Dans son document, Microsoft explique en outre que trois jeux exclusifs ont d’ores et déjà sélectionnés pour l’avenir, mais que ceux-ci émanent du studio Bethesda, dont la société a fait l’acquisition en 2020. À l’époque, elle assurait néanmoins que le jeu Starfield ne deviendrait pas exclusif à son écosystème. Depuis la complétion du rachat, elle a fait marche arrière.

Une galère réglementaire pour la FTC ?

Comme l’explique le Wall Street Journal, cette affaire est complexe d’un point de vue réglementaire pour l’autorité de la concurrence américaine. Il s’agit en effet d’une « fusion verticale », ce qui signifie que Microsoft veut acheter une entreprise de sa chaîne d’approvisionnement plutôt qu’un concurrent direct. Son argument attestant que la concurrence sera affectée peut être considéré comme non recevable. En revanche, la FTC peut faire valoir que la transaction mettrait indirectement les consommateurs en danger, par exemple en permettant l’utilisation abusive d’informations sensibles sur les concurrents par l’entreprise.

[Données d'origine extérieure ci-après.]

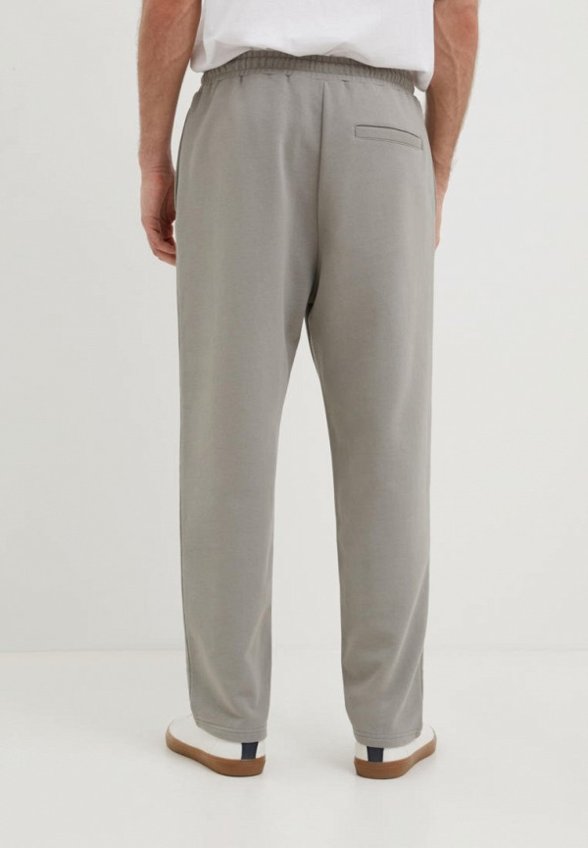 Брюки спортивные Finn Flare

L’affaire doit désormais être portée devant Michael Chappell, le juge administratif de la FTC. De leur côté, Activision Blizzard et Microsoft, qui veulent conclure la transaction en juin 2023, ont déclaré que la décision de la FTC violait leur droit à une procédure régulière en vertu du cinquième amendement de la Constitution des États-Unis.

En marge de cela, un groupe de gamers américains a déposé plainte contre Microsoft avec l’objectif de bloquer le rachat. Ils estiment que celui-ci aurait des répercussions négatives sur l’ensemble du secteur, concurrence, environnement de travail et consommateurs compris.